A lot of it is brand protection to be honest. I’ve seen so many cheap “refurbished” iPhones in the past with absolutely terrible cheap parts put in them. For end users this is most immediately apparent when the screens are 3rd party (terrible color, irregular backlighting etc) but these days it is a lot harder to use 3rd party parts.
I think there is an argument to be made that these protections preserve the used Apple market because people can actually trust it for the most part (we certainly see that reflected in the prices). I imagine the lifespan of an iPhone is much longer than a comparable (by footprint) android device.

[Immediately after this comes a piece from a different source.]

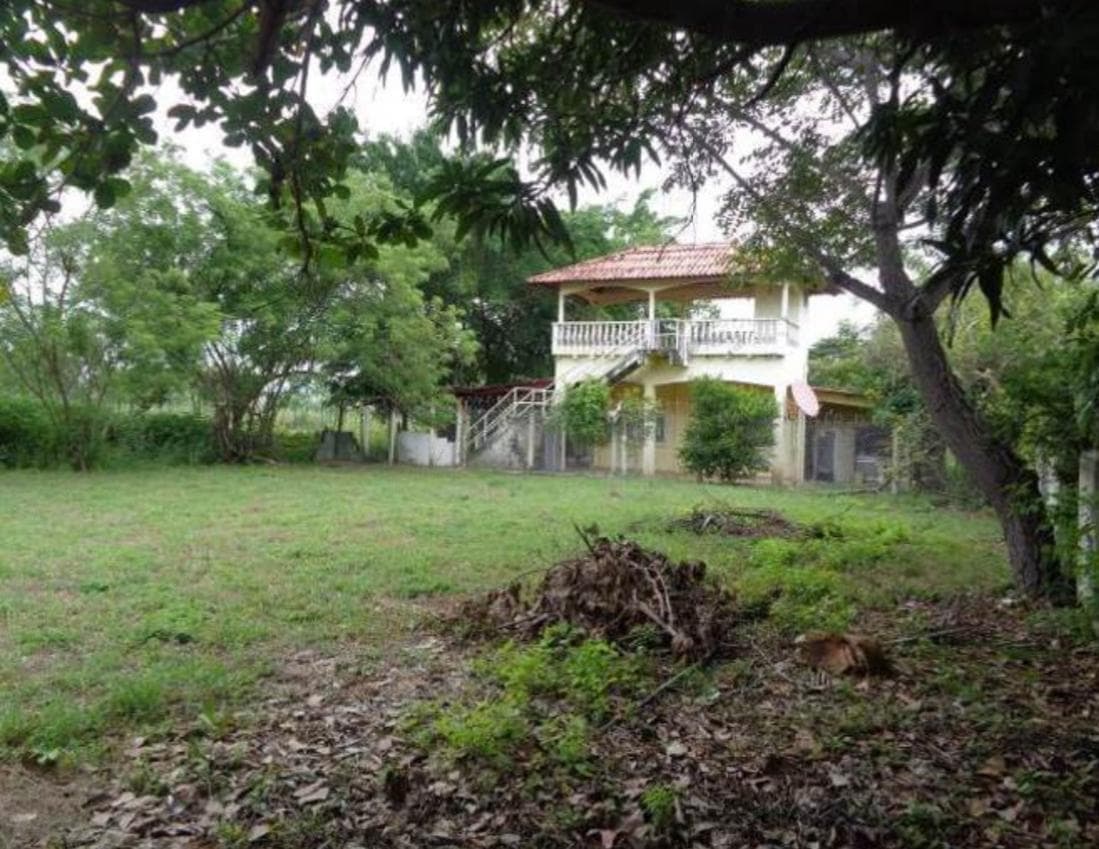 Prime Beachside Land Nueva Gorgona 782m² - Steps from Malibu Beach - Photo 5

I’m my mind right to repair trumps all these upsides but it isn’t as clean as it always seems imo.
Providing the user with more information is fine and not anti repair imo. If the user boots the phone and sees a bunch of non-genuine warnings, they can know to steer clear of buying the device.
The larger issue seems to be where there is calibration info that needs to be set up but only Apple has the software and tools for it.

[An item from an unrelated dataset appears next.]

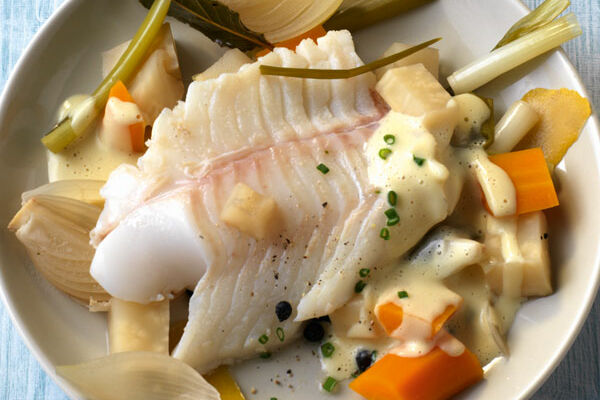 Gib deinen Senf dazu: Die besten Rezepte mit Senfsauce | Küchengötter Gib deinen Senf dazu: Die besten Rezepte mit Senfsauce | Küchengötter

"Providing the user with more information is fine and not anti repair imo. If the user boots the phone and sees a bunch of non-genuine warnings, they can know to steer clear of buying the device."
You're assuming a technical, informed and assertive user here. There are lots of people who don't even try to turn off and on the phone when buying. Or fall for bullshit like 'it's normal, just ignore that message'. And what do you do when some repairman used a knockoff battery and is threatening with calling the police if you don't accept and pay for the 'repaired' phone?

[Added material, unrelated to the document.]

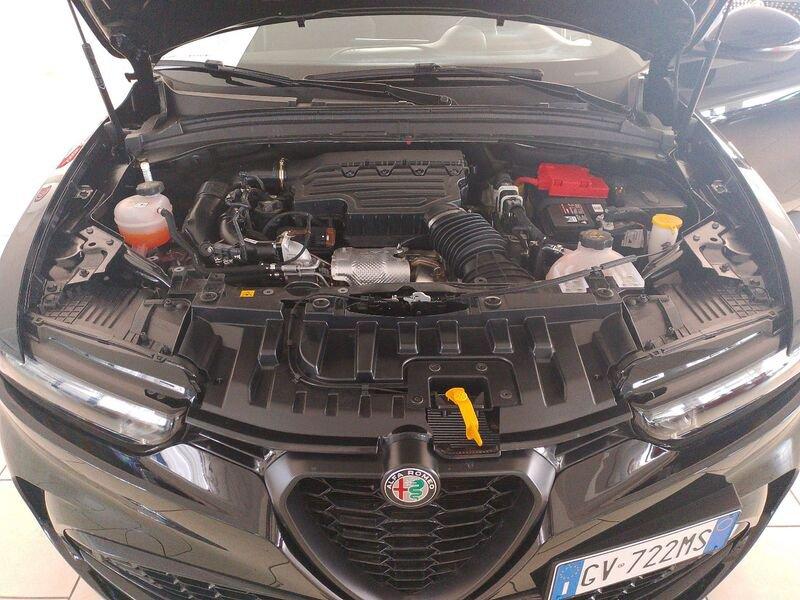 Alfa Romeo Tonale 1.5 130 CV MHEV TCT7 Sprint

Agreed - I actually think that would solve a lot of this.
Apple could put in as many oem checks as they want, hell, even throw a persistent warning in the settings menu or something to inform and even dissuade but they should absolutely allow it at the end of the day.
That's what they already do, but the genuine OLED ceramic screen can't compete in price with some crappy LCD screen with regular glass that shows ripples when you push it with your finger.
I bought a fake Nokia back in the day (18 years ago). The thing which gave away it was fake was the atrocious battery life (2ish run time hours), and otherwise clunky software. I can assure you faking a hologram was absolutely not problem.
I think there is an argument to be made that these protections preserve the used Apple market because people can actually trust it for the most part (we certainly see that reflected in the prices). I imagine the lifespan of an iPhone is much longer than a comparable (by footprint) android device.
I’m my mind right to repair trumps all these upsides but it isn’t as clean as it always seems imo.